ParallelME’s purpose is to explore parallelism with the benefit of not changing the programming model, through a simple programming language abstraction that is similar to sequential programming.

We performed a comparative analysis of execution time, memory and power consumption between ParallelME, OpenCL and RenderScript using an image processing application. Our experiments have shown that ParallelME greatly increases application performance up to 32.34 times, with reasonable energy consumption and reducing memory usage significantly, while maintaining a simple programming interface.

The remainder of this paper is organized as follows. In Sect. 2 we present a description of the main parallel programming frameworks currently available for mobile architectures. In Sect. 3 we present all components of ParallelME, on which we highlight the language used and the low level platforms explored. In sequence, in the Sects. 3.1 and 3.3 we explain the features of the proposed high-level library and the details of the low-level execution mechanism, respectively. We evaluate the comprehensiveness and applicability of our abstract language and the run-time performance, presenting the results in Sect. 4. Finally, we conclude and discuss some future work in the last section.

2 Related Works

In this section we present a detailed description of the main parallel programming frameworks available, to the best of our knowledge, for developing efficient application for mobile architectures. The frameworks addressed here are Pyjama [9], Aparapi [11], Rootbeer [14], Paralldroid [7] and RenderScript [6].

Pyjama’s [9] focus is on bringing OpenMP’s programming model to Java, with optimizations for Graphical User Interface (GUI) applications. Pyjama was built with this requirement in mind: it changes the way threads are generated by its own source to source compiler implementation. In OpenMP, the main thread that triggers parallel computation becomes the master one for the processing, whereas in Pyjama a new master thread is created for that, since the GUI one has to be kept running. It does not exactly present a new parallel programming model, but its changes in benefit of GUI applications are really interesting for developing mobile apps and its source to source compiler model is an effective way of introducing its own changes to the Java language, as it keeps things simple to the user while retaining control over how the parallelization is implemented. The amount of information the user provides and the way it is done is key to the effectiveness of the programming model adopted by the framework. On the other hand, Pyjama does little to address the complexity of OpenMP programming in general: a developer still has to learn his ways through it and is fully responsible for the good execution of his code.

Aparapi [11] is an AMD project, which focuses on making GPU programming easier. Aparapi was presented in 2011 as an API to express data parallel workloads in Java. It avoids changing the basic structure of the language itself, so instead of writing a parallel-for, for example, the developer extends a kernel base class to write his function. The code is compiled to Java bytecode and then parallelized by converting to OpenCL at runtime, reverting back to Java Thread Pool if necessary.

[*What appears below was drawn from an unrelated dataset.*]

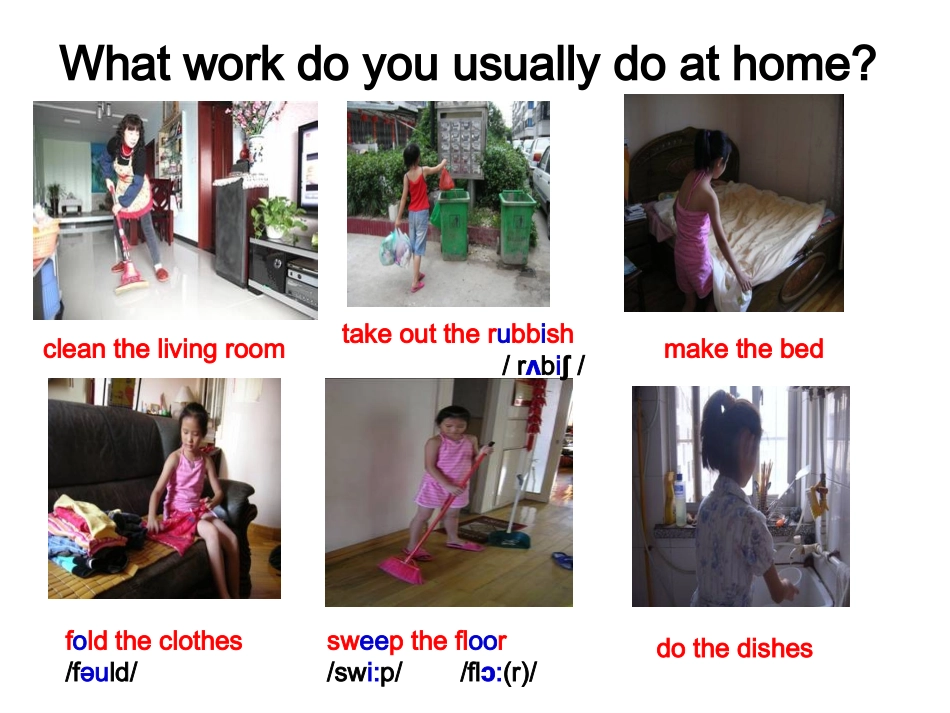 三单元1a_1c_第3页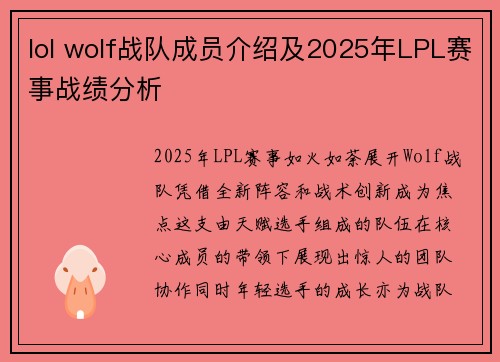 lol wolf战队成员介绍及2025年LPL赛事战绩分析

It is possible to iterate over objects, not only primitive types. Comparing to programming with OpenCL or CUDA directly, Aparapi offers several advantages, though it does not tackle important problems. It is much easier to create and maintain new code, but debugging is still difficult and searching for execution bottlenecks remains as hard as on other environments. Compared with our own goals, Aparapi is limited in its parallelization scope, regarding both the hardware it optimizes code for and the level of complexity of its functions.

The idea behind Rootbeer [14] is similar to Aparapi’s: transform regular Java code into GPU parallel code with minimum effort. Rootbeer is more robust than Aparapi, for it supports a broader set of instructions in Java language, excluding mostly dynamic method invocation, reflection and native methods. Rootbeer was created to make development on GPUs easier, but it never guaranteed performance improvement by treating the Java code written by the programmer. This means that even though it makes it easier to program, the task of code optimization still befalls heavily on the programmer, so much knowledge and time is still required to create efficient code and the programmer has to deal on his own with the performance issues his program’s structure creates after the code conversion.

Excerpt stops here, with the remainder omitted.